This past Thursday evening, Hankinson Rehearsal Hall hosted an improvisational performance from the Creative Arts Orchestra. The orchestra consisted of SMTD students with a combination of violin, viola, trumpet, piano, melodica, voice and various percussion instruments.

The element of improvisation is what sets the Creative Arts Orchestra apart from other musical groups at SMTD. Improvisation involves a lack of musical guidance — no conductors, sheet music or organized practicing — in addition to the creative use of instruments, such as banging on stringed instruments or applying paper to piano strings for a crunch-like sound.

Each of the six musicians were free to play whatever they pleased, with no prior restrictions on what to play. That said, for some pieces there were certain “filters,” as SMTD professor Mark Kirschenmann called them, in place for the orchestra to fall in line with.

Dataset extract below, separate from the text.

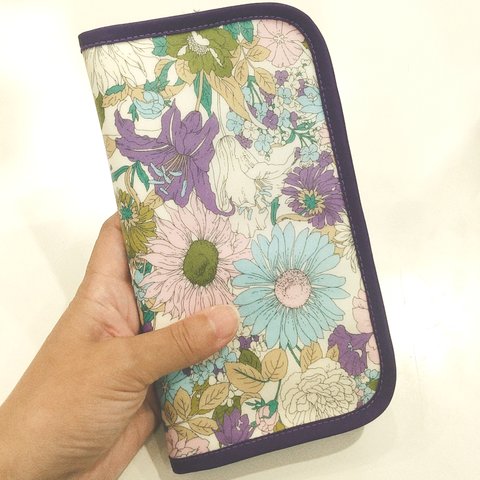 整理整頓上手になれる長財布『flower garden』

For one set, Kirschenmann informed the audience, “We will all play keyboard instruments, and we are all going to sing, other than that I have no idea what is going to happen.”

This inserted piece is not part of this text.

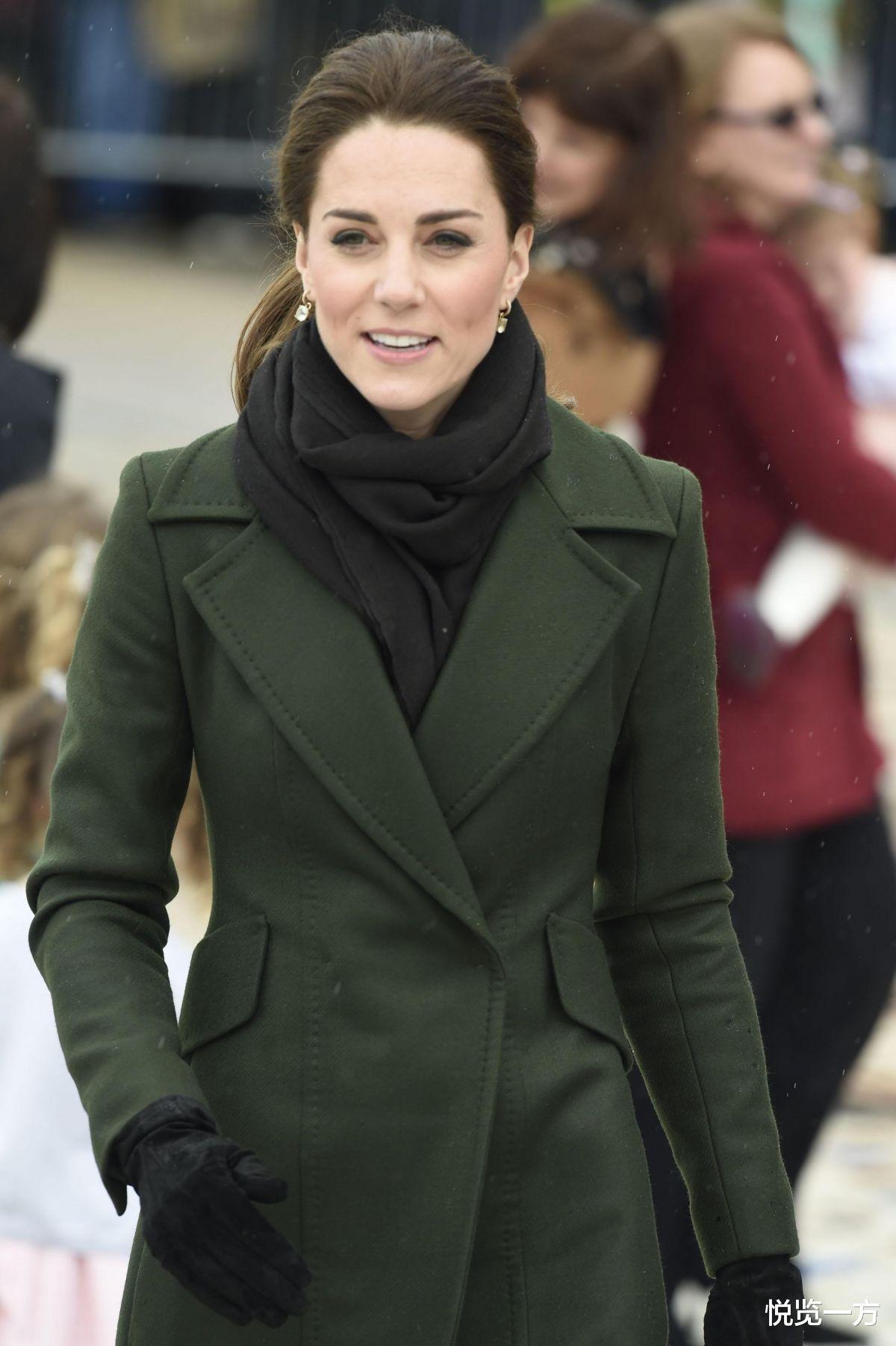 冬天围巾如何搭配？看凯特王妃围巾搭出温暖气场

For another set, Weston Gilbert, the orchestra’s violinist, presented the orchestra with a brief sheet of music with certain chords and soloing sections for the individual musicians to follow. Outside of the framework of pitches for each musician to choose from, the rest of the set was all improvisational. In fact, I had a chance to take a look at the sheet of musical frameworks written by Gilbert. It was a sparse piece of music with only a few complex chords progressions. The final measure featured a single note for each musician to aim for as an end goal.

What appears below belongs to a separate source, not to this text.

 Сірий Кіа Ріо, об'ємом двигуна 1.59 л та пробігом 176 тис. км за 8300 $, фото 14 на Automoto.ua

Outside of the musical framework, I was curious as to how each musician decided what to play and what noises to make. After the show, I spoke with Maya Johnson, an SMTD composition Master’s student, who was on the viola for the group.

“I pay attention to what is or is not being done,” Johnson said when asked how she decided what to play. “If everyone is playing long notes, I tend to do the opposite.” It is this sense of opposites attracting that I believe made the show so interesting. “I also have my bag of tricks … I’m the only viola, so a low C is never a bad move.” Johnson took into account the unique properties of her own instrument and used these properties to add a new dimension to the improvisational work.

The improvisation involved little harmonization and few instances of synchronized sound. However, the few moments of resolve were welcomed, like an oasis in a sea of musical confusion. I found that I wanted to keep listening in hopes of hearing such a satisfying resolve or a discernable melody.

In terms of the sounds themselves, much of the improvisation actually had repeating tropes. Much of the concert sounded very “L.A. Noire” or like “The Twilight Zone,” an eerie and unsettling soundtrack for a winter night. With a muted trumpet and a ringing vibraphone, I felt as though I was supposed to be solving a mystery.

I felt unsettled, discontented with the music being played and what I was hearing, which is perhaps the purpose behind this improvisational method. The dissonance and discomfort builds to a point of relief, when the sounds finally assemble and come to a close.